» Work instructions
Once you find the line below that has "Fotos de los 1500 m llanos de varones", output it and every line after it exactly, stopping after the line that has "Ein moderner Heizraum", with no pictures.

» Stored data entries
+ + + + + + +
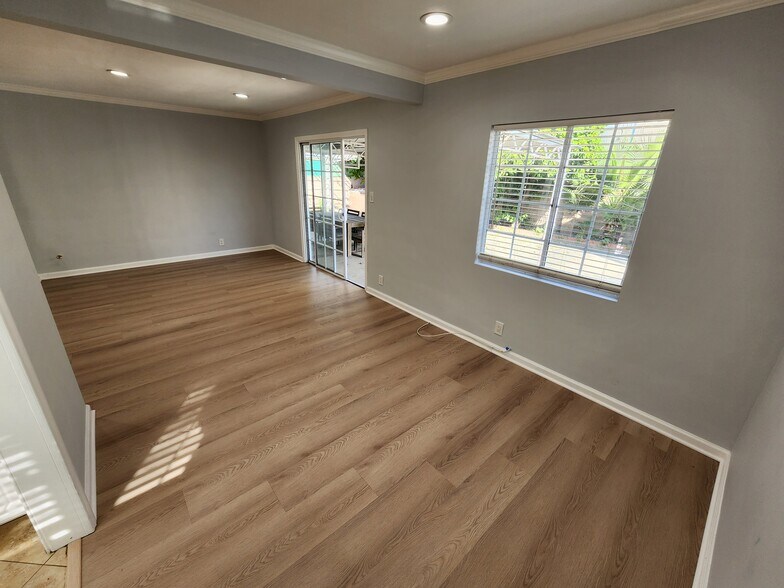 Building Photo - 12549 Barbara Ann St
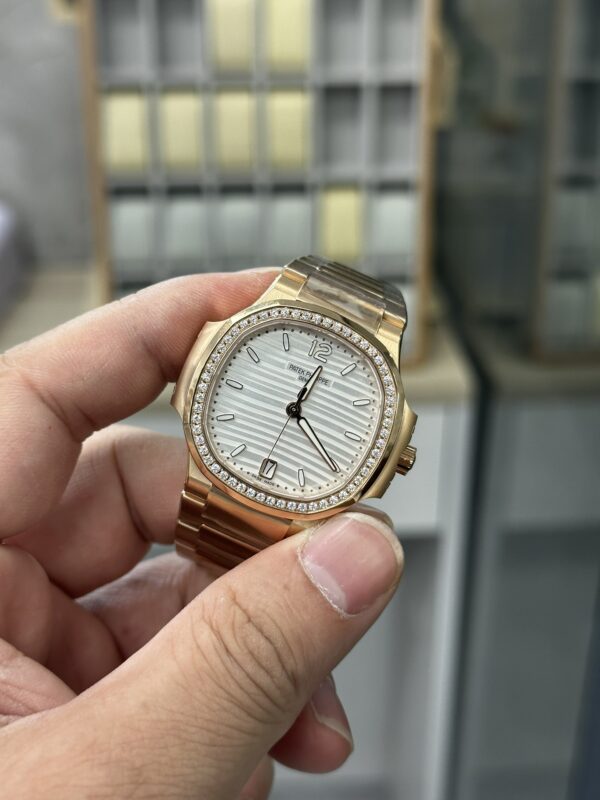 Patek Philippe Nautilus 7118 White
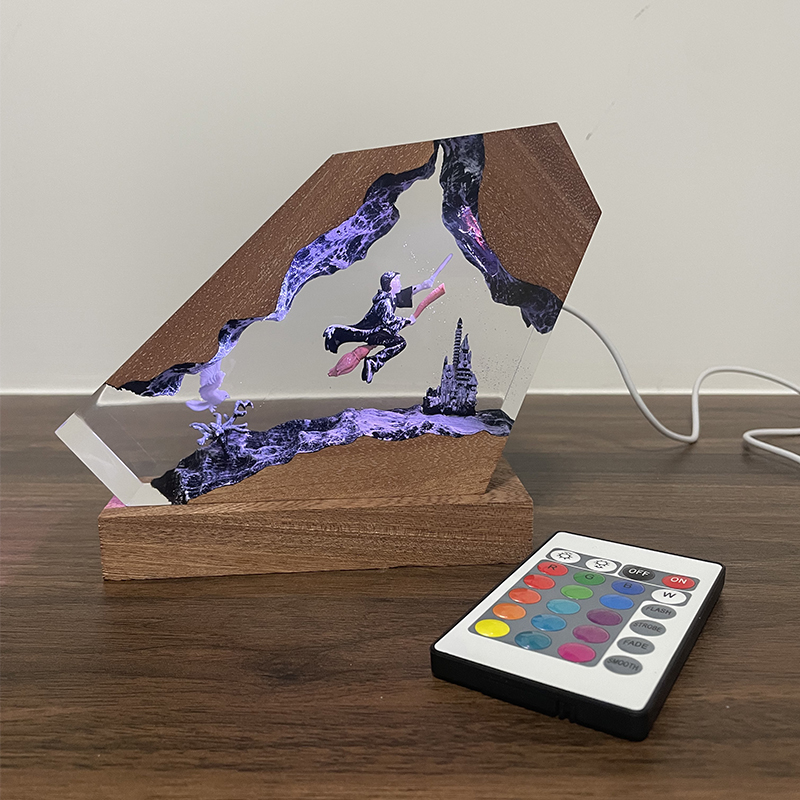 โคมไฟเรซิ่นไม้ลายวิเศษ นักเวทม - Desk Setup Lamp บทวิจารณ์และราคา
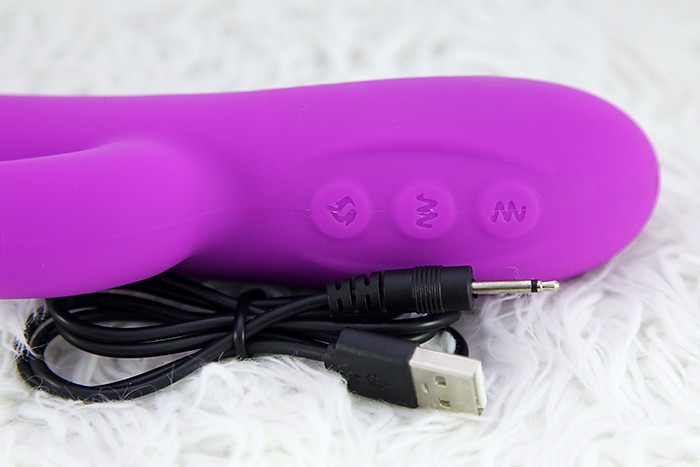 Pin sạc và chống nước 100%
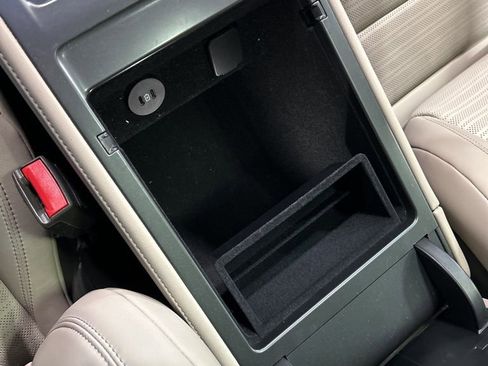 Certified 2024 Lincoln Nautilus Reserve w/ Equipment Group 202A image 27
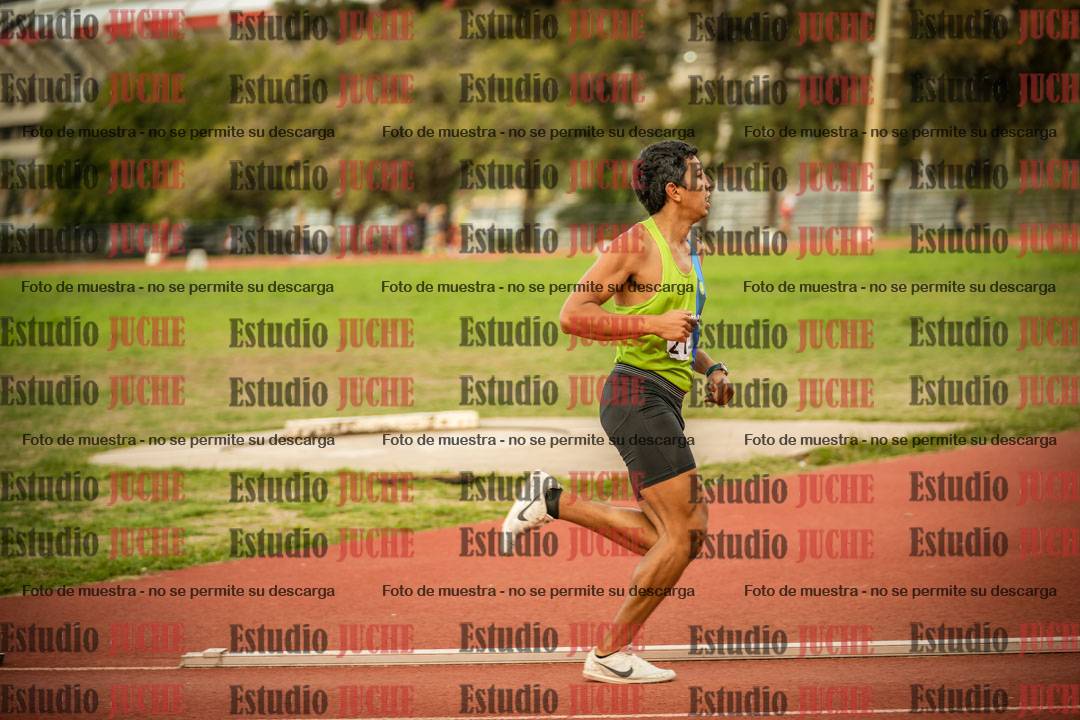 Fotos de los 1500 m llanos de varones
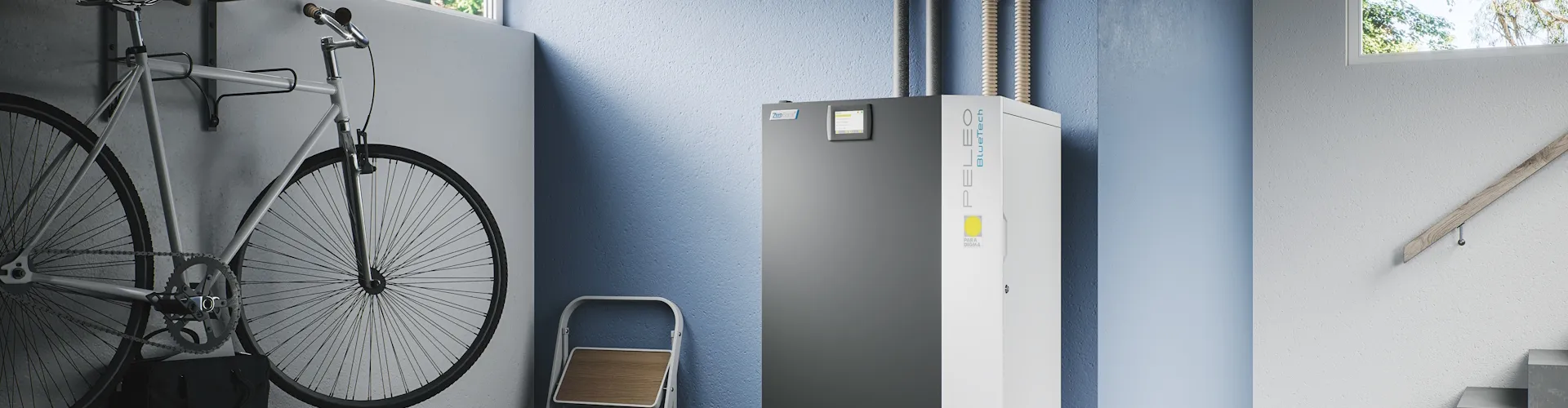 Ein moderner Heizraum mit einem PELEO BlueTech Pelletkessel vor einer blauen Wand.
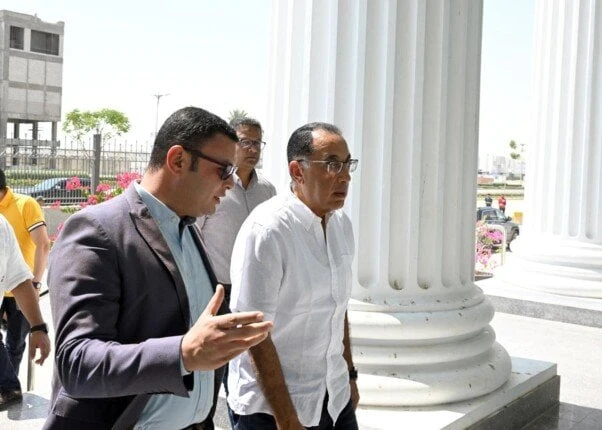 رئيس الوزراء يستعرض موقف مشروع رأس الحكمة وتسليمات أبراج العلمينقبل بدء جولته التفقدية بمدينة العلمين الجديدة، عقد الدكتور مصطفى مدبولي، رئيس مجلس الوزراء، اجتماعا استمع فيه إلى شر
+ + + + + + +
» Your solution
 Fotos de los 1500 m llanos de varones
 Ein moderner Heizraum mit einem PELEO BlueTech Pelletkessel vor einer blauen Wand.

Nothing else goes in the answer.